Avoid Newsletter Pop-Ups, And What To Do Instead
Why newsletter pop-ups are harmful for businesses and how to gather better emails instead of disrupting customers every single time.
Newsletter pop-ups are everywhere. You’ve just landed on a website, yet here it is, a shiny newsletter pop-up, asking for your email address for reminders, updates or an exclusive 15% coupon code. People hate it, businesses love it. But does it work? As it turns out, it’s complicated.
The Many Shades Of Emails #
According to email statistics, on average people have 1.7–1.9 different email accounts. Some people have even more than 3 email accounts, ranging from private and work accounts to emails for newsletters and shopping.

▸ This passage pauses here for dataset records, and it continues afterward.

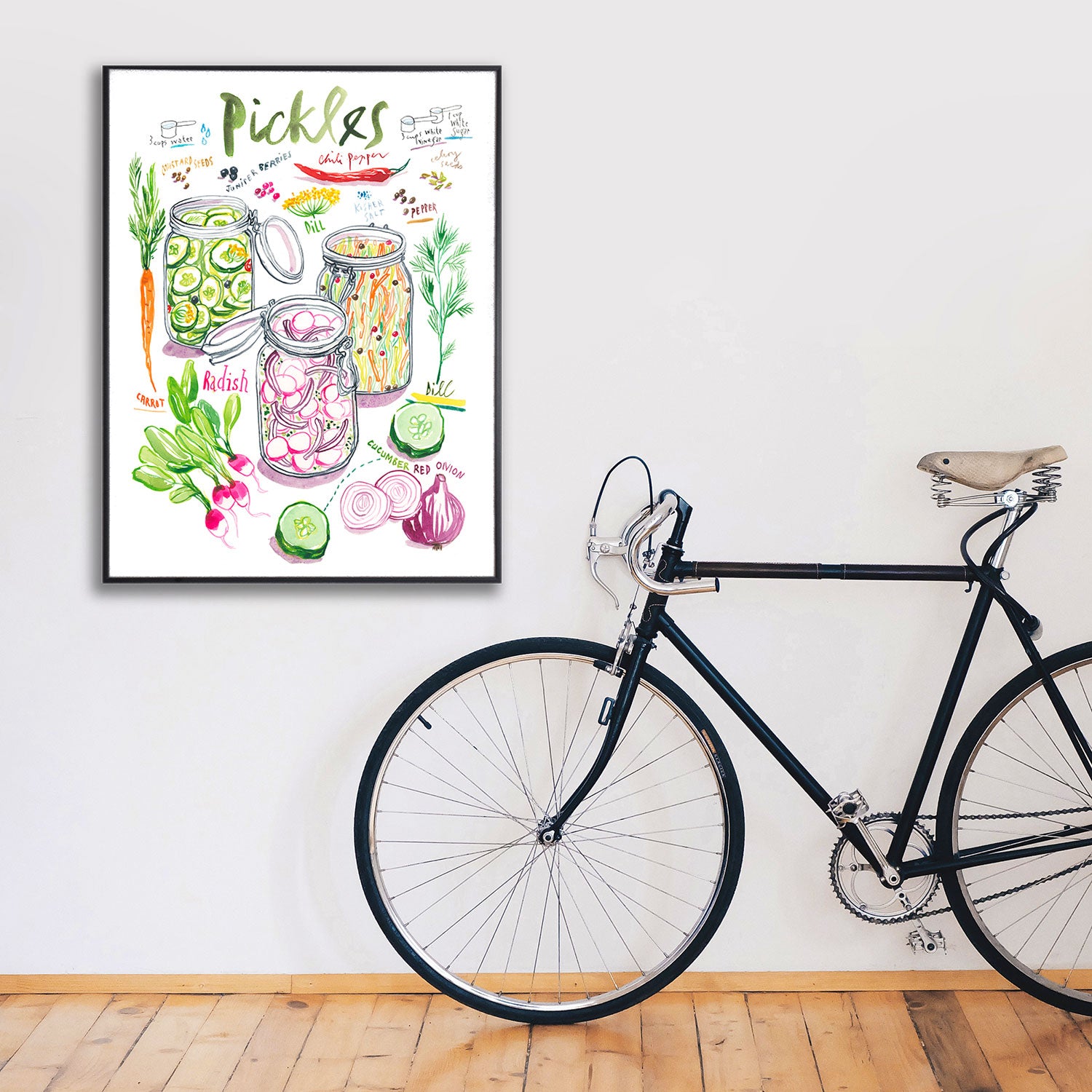 pickled vegetables recipe fine art print in watercolor featuring the ingredients and three jars of mixed veggies, along with handwritten instructions in English. The framed poster hanging in a home decor
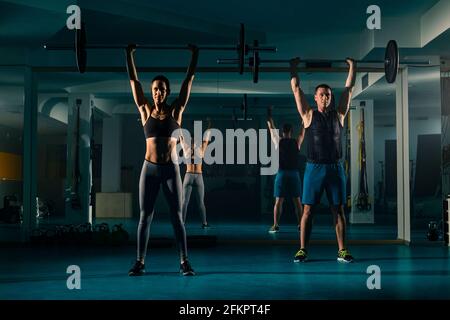 Una coppia di allenamento allenarsi in palestra e fare esercizio di squadra in testa con il peso sul barbell. Foto Stock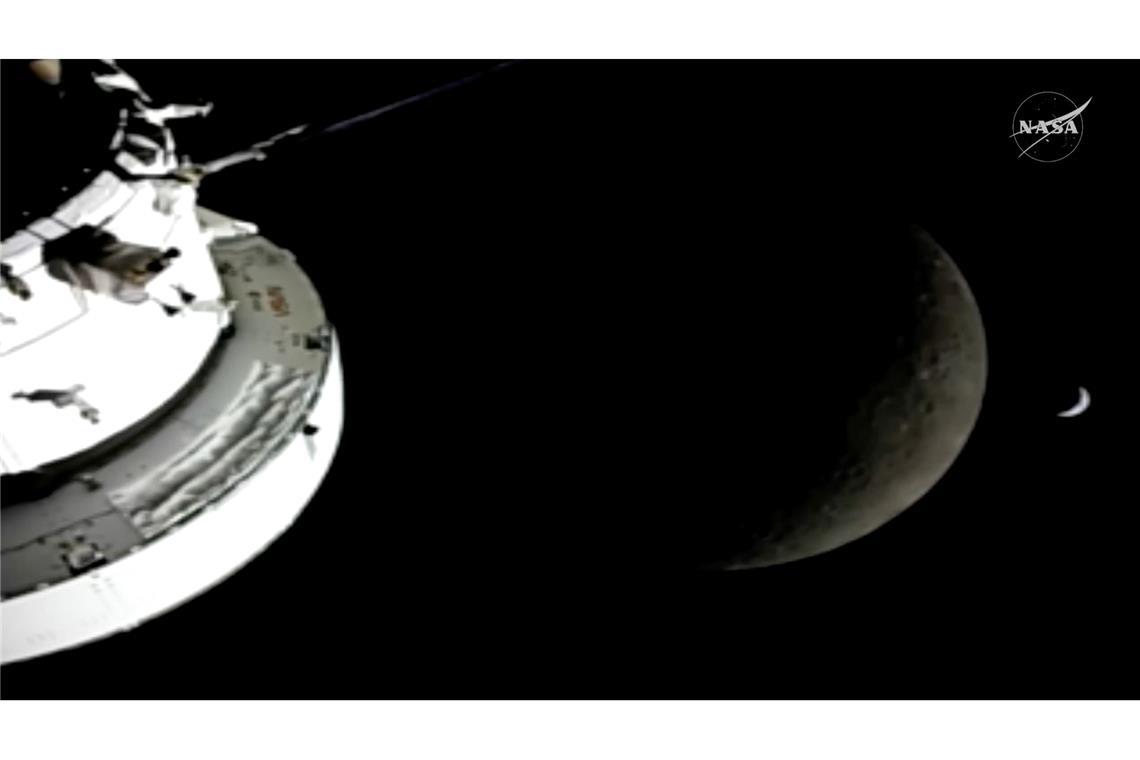 In diesem Bild aus einem von der NASA zur Verfügung gestellten Video sind die "Orion"-Raumkapsel, der Mond und die Erde (r) von einer Kamera aus zu sehen, während die "Artemis 2"-Besatzung und das Raumschiff weiter in den Weltraum vordringen.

They all differ significantly in opening rates and attention spans. And especially when it comes to private accounts, users tend to be more cautious and protective to avoid spam, scam and annoying promotional emails.

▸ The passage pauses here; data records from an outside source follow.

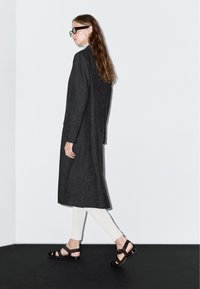 Černý dlouhý kabát z texturované tkaniny, spárovaný se světle zbarvenými přiléhavými kalhotami a tmavými sandály na podpatku, na minimalistickém pozadí.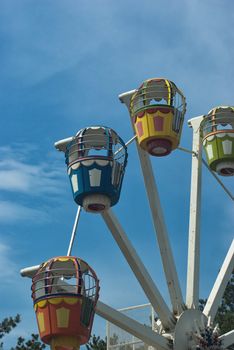 Popular attraction in park - a Ferris wheel on a background of the cloudy blue sky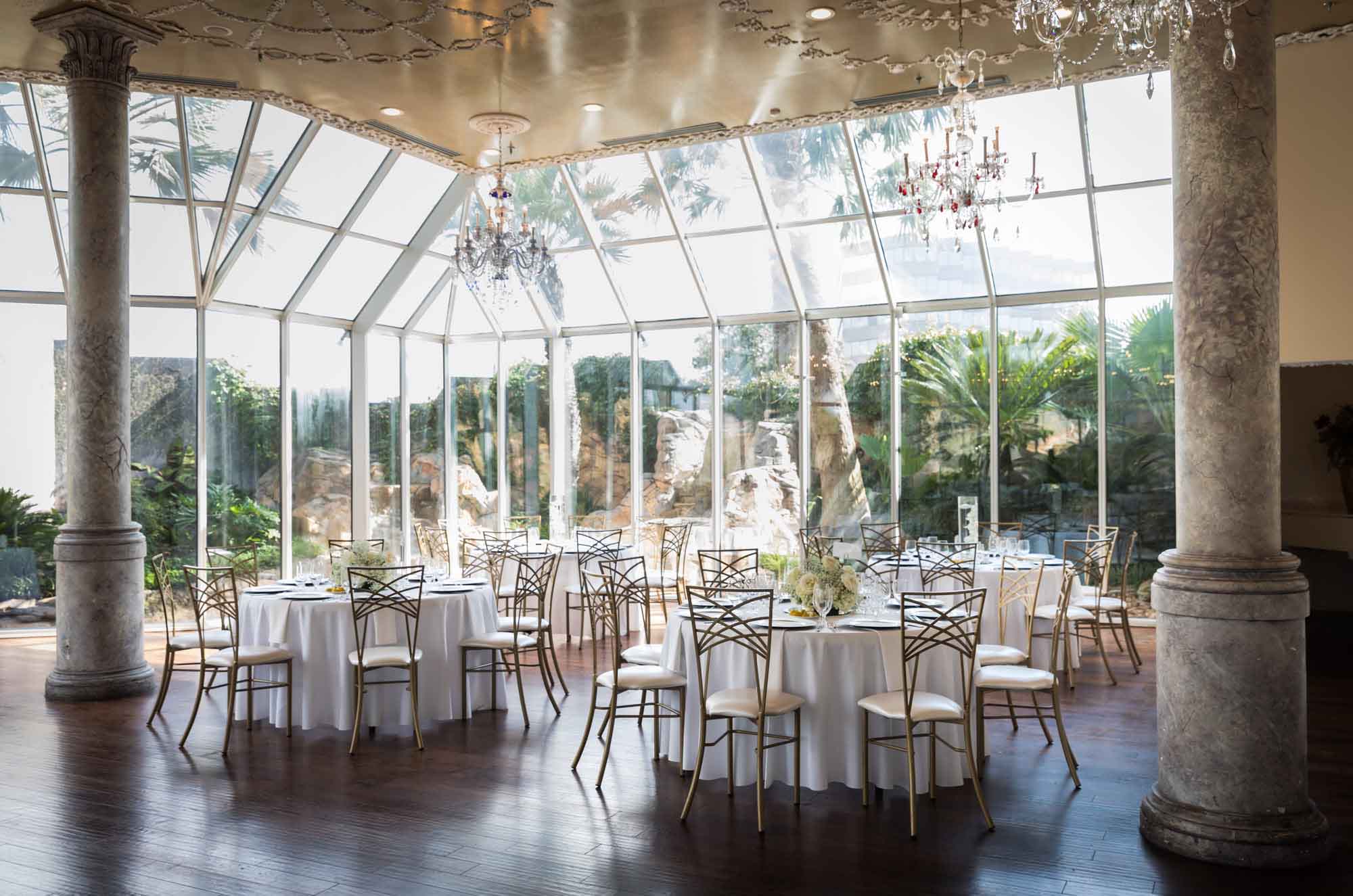Room with glass walls and round tables for an article on affordable wedding venues in San Antonio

That’s why for businesses, it’s remarkably difficult to get a first-class email address from customers unless they’ve developed at least some trust and confidence towards that brand.
Disposable and Temporary Emails #
Of course the reason why businesses show a newsletter pop-up in the first place is to get leads. But what they are ultimately after isn’t just random email accounts, but rather getting first-class leads — email accounts that have high delivery rates, high opening rates, low bounce rates and high conversion.
Most of the time, that’s the exact opposite of what newsletter pop-ups bring. Many people are hesistant to give away a “good” email address, so they leave an email that they hardly ever use. And some audiences always use temporary or disposable email services like Temp-Mail.org — just to get a coupon code and avoid all the marketing emails.
The outcome is not very surprising: many email lists are overflown with fake, disposable, unusable leads. Even worse, at a certain scale, they are expensive to keep, and due to high bounce crates, can decrease email deliverability.
Ask For Email When It Matters To Users #
How do we solve it? When it comes to newsletters, our task is to find the right timing when customers care most about the quality and accuracy of their email address. It never happens on the homepage, and rarely on category pages. It never happens on search results pages or support pages either.
For users to care, they must feel at least somewhat invested in whatever the company is offering. And, most importantly, they should recognize the value that leaving a “good” email address would bring to them.
Typically it happens on 5 types of pages:
📣 Promotion pages
“We’ll send a confirmation message to that email”.
🍎 Product pages
“Leave email and check out with coupon applied”.
🎟️ Sales page
“Get notified about sales and re-stocked items”.
💳 Final checkout step
“Review your address for confirmation email.”
🎉 Purchase confirmation page
“Didn’t get a confirmation? Edit your email.”
Wrapping Up #
Sprinkle newsletter boxes across these pages and measure impact. Track not just the list growth, but bounce rates, opening rates and conversion. Your goal is to be at least close to the email opening rate of 28–35%, which is a standard goal across industries.
Don’t forget to clean up temporary emails from your list — some businesses aren’t aware how expensive non-existent leads can be. You might be surprised how effective a simple change like that can be.